Configuration parameters:

eval_metrics_config_path: Path to the metrics YAML file that defines report structure and evaluation methods. See Metrics Configuration for details.
object_store: Name of the object store for retrieving generated reports.
evaluation_method_id: Identifier used to match against the evaluation_method field in the dataset. See dataset configuration for details.
report_url_pattern: Regex pattern to extract report URLs from agent responses.
include_vlm_output: When true, outputs a separate average score for VLM-related fields, used with vlm_related_fields.
vlm_related_fields: List of section names to include in the VLM accuracy score, used with include_vlm_output: true.
metric_configs: Configuration for field-level evaluation metrics.
- llm_judge: LLM judge settings:
  - llm_name: Reference to the LLM configuration (see LLM Configuration for details)
  - max_retries: Number of retry attempts on LLM failures
  - llm_judge_reasoning: Enable reasoning in the LLM judge
  - single_field_comparison_prompt: Custom prompt for the LLM judge used for single field evaluation
  - multi_field_discovery_prompt: Custom prompt for the LLM judge used for dynamic field discovery

LLM Configuration#

Configure the LLM judge in the llms section of your config file:

llms:
  eval_llm_judge:
    _type: nim
    model_name: <model-name>
    base_url: <base-url-for-the-llm>
    max_tokens: 2048
    temperature: 0.0

Note

To enable reasoning output, set llm_judge_reasoning: true in the evaluator config (not thinking: true in the LLM config) for wider reasoning model support.

Note

When llm_judge_reasoning is enabled, the evaluators currently require reasoning models that support outputting reasoning separately in their responses.

Metrics Configuration#

The metrics configuration should mirror the structure of your report template, defining sections and fields that match the expected report output. Each field or section can have its own evaluation metric defined. Each section can use method: average to aggregate child scores.
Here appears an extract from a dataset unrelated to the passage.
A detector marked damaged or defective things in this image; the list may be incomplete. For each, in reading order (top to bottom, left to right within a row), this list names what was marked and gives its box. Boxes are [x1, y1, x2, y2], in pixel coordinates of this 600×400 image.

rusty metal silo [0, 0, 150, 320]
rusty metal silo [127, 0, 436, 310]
Set allow_dynamic_field_discovery: true for sections with variable field names.

Overall Report:
  method: average
  fields:
    title:
      method: exact_match

    Basic Information:
      method: average
      fields:
        Report Identifier:
          method: non_empty
        Date of Incident:
          method: llm_judge

    Vehicles Involved:
      method: llm_judge
      allow_dynamic_field_discovery: true  # Handles dynamic vehicle field names

    # Additional sections...

Customized Question-Answering (QA) Evaluator#

The Customized Question-Answering (QA) Evaluator assesses the semantic accuracy of agent responses against ground truth answers, focusing on factual correctness rather than exact text matching.

Purpose#

Evaluate answer accuracy for question-answering tasks.
Support semantic equivalence over exact matching.
Handle various question types (Yes/No, counting, temporal, descriptive).

Evaluator Configuration#

evaluators:
  qa_evaluator:
    _type: customized_qa_evaluator
    llm_name: eval_llm_judge
    evaluation_method_id: qa
    llm_judge_reasoning: true
    custom_prompt_template: |
      You are an expert evaluator assessing an AI Agent's response accuracy.
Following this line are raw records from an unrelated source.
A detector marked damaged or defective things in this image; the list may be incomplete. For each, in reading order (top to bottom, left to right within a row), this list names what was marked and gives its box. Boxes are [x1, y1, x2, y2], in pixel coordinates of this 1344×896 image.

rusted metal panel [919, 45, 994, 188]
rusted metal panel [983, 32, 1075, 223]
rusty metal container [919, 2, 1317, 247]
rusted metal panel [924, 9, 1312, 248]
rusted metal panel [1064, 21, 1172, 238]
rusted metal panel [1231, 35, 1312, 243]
      Question Asked: {question}

      Agent's Answer: {answer}

      Ground Truth Answer: {reference}

      # Add evaluation criteria and scoring guidelines...

Custom Prompt Variables#

{question}: The original user query
{answer}: The agent’s response
{reference}: Ground truth answer

Example Evaluation Criteria#

The default prompt includes the following evaluation criteria:

Factual Correctness: Does the answer convey the same factual information?
Completeness: Does the answer include all key information from the ground truth?
Semantic Equivalence: Is the answer semantically equivalent to the ground truth?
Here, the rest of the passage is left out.